Inside: Tips to prepare your virtual emergency sub plans!

I remember the first time I went to work sick. After waking up later than usual and not being prepared for a substitute, I convinced myself I didn’t feel “that bad,” “other teachers do it,” and “it’ll just be easier.” 

By the time I made it to my classroom, I felt terrible. I took the easy route- I found a movie that loosely related to our current content in the library. Then I sat in the room with the lights off,  counting down the hours until I could go home and sleep. It was an awful day for me and a waste of a learning day for my students.  

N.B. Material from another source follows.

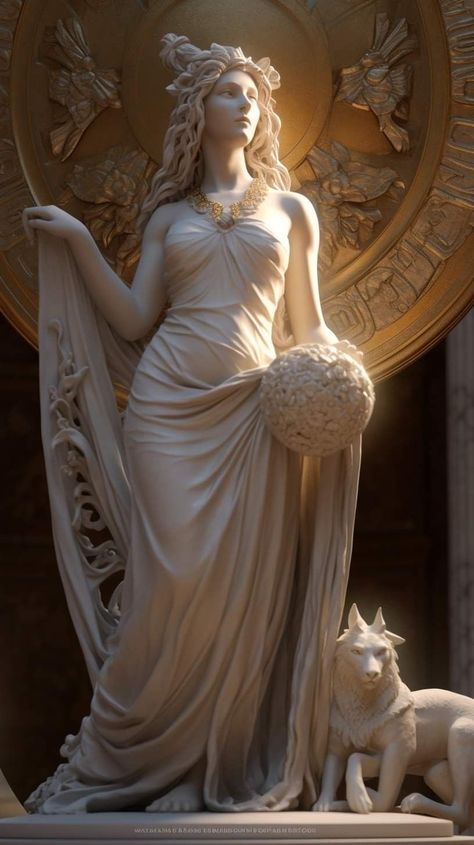 Greek Goddess Statue, Goddess Statues, Greek Mythology Statue, Fantasy Statue, Greek Women, Roman Statue, Goddess Sculpture, Ethno Style, Greek Statues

I should have gotten a substitute that day, but I wasn’t prepared. In any classroom setting, traditional or virtual, being prepared for a substitute is KEY. If you are ready beforehand, you will feel more confident in leaving your classroom to a substitute, your sub will be prepared to jump right in, and your students won’t miss a beat.  

Today, many teachers are teaching virtually. If you fall into that category, it may be easy to convince yourself, like I did that day, that it is best to just tough it out because you are working from home.  That is simply not true! We know that it is important to take care of ourselves and use our sick days (find out why you need to take your sick days ).

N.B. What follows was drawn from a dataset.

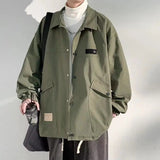 AIDASE  -  Japanese Style Work Jacket Men Spring Autumn Trendy Retro Loose Coat aidase-shop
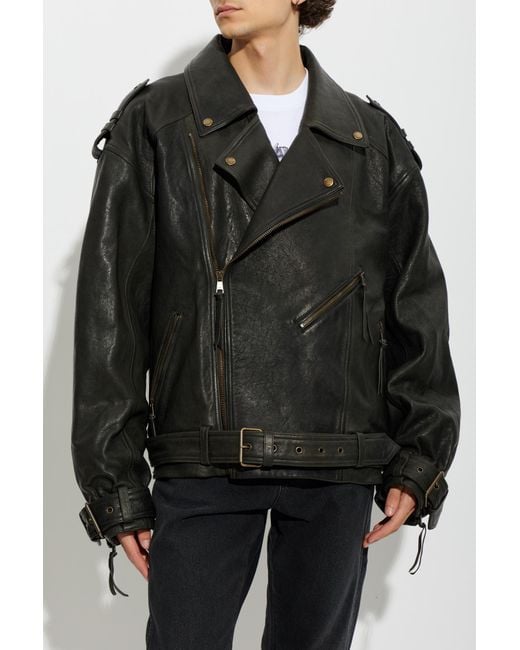 Balmain Black Leather Jacket for men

Get ready now! Prepare for a day off by getting your virtual emergency sub plans made!  

Looking to prepare for a virtual snow day? Head over to this post.

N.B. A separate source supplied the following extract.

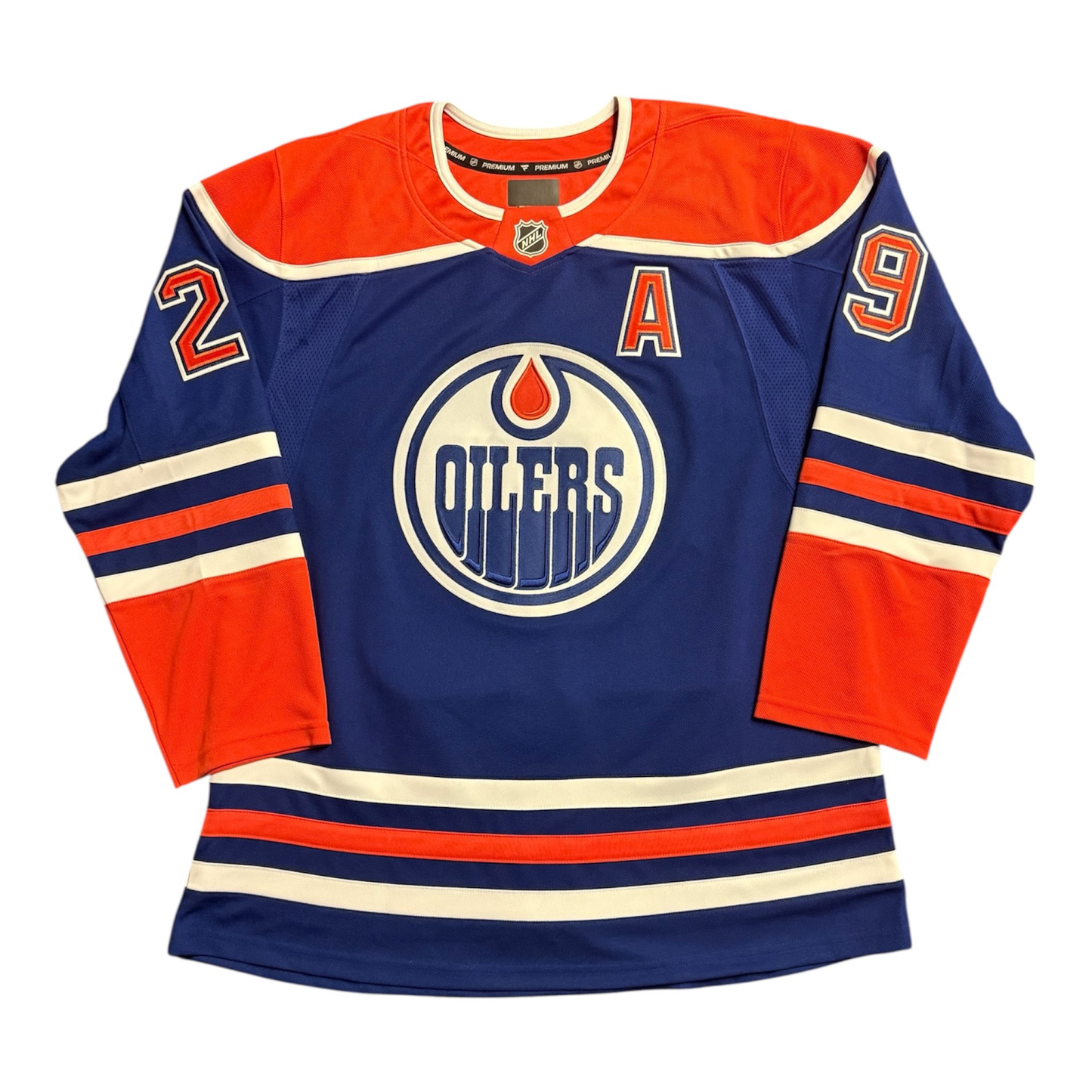 Leon Draisaitl Signed Edmonton Oilers Home Royal Fanatics Premium Jersey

What do I need to leave in my virtual emergency sub plans? Start with a sub binder!

Start preparing your virtual emergency sub plans with your sub binder. Create an editable digital sub binder using Google Slides that you can send your substitute. Ask yourself these questions: 

  • What is your schedule? Is your whole day synchronous, or are parts of your day asynchronous? 
  • How do transitions work on your platform?
  • Do you allow students to chat with one another during class? 
  • Should students’ cameras be on or off? Do you have on-camera rules?
  • When should students’ microphones be muted? How can your sub mute a microphone?
  • Who are the teachers and staff your substitute can reach out to if there is a problem? How can your sub contact them? 
  • Do you have breakout groups? How do those work?

Be detailed in your answers. You want your substitute to be confident in knowing how to run your virtual or 1:1 classroom.

Need a way to get all this info organized? We’ve got you covered with several Google Slides Digital Sub Binder options in fun themes to match your classroom!

In addition to everything in your digital Wife Teacher Mommy Substitute Binder, extra information will be vital to prepare for virtual emergency sub plans.

Step-by-Step Troubleshooting Instructions

Prepare your virtual emergency sub plans with troubleshooting instructions in case things go wrong. Leave them a list of common issues that you or students may run into and how you solve them.

Make sure to leave the contact information for who to reach out to if things go wrong and the usual troubleshooting steps don’t work.

Website Passwords & Login Instructions

The next thing you should leave in your virtual emergency sub plans to help your virtual substitute is all the necessary (and correct!) login and password information they may need that day.

You should leave not only login info they may need for themselves but also for students because we all have that one student who can never remember for themselves. 😉

In addition to the login info, I suggest assuming that your virtual substitute doesn’t know how to use the websites and online systems that you use (especially if it is a random sub that you don’t know). Leave them detailed instructions, and think of things as simple as how to mute a student’s microphone.

If you want to go a step further, you can take screenshots or videos of the process. Prepare these in advance, like at the beginning of the year, and put the instructions in your virtual sub binder so that they are always ready for you!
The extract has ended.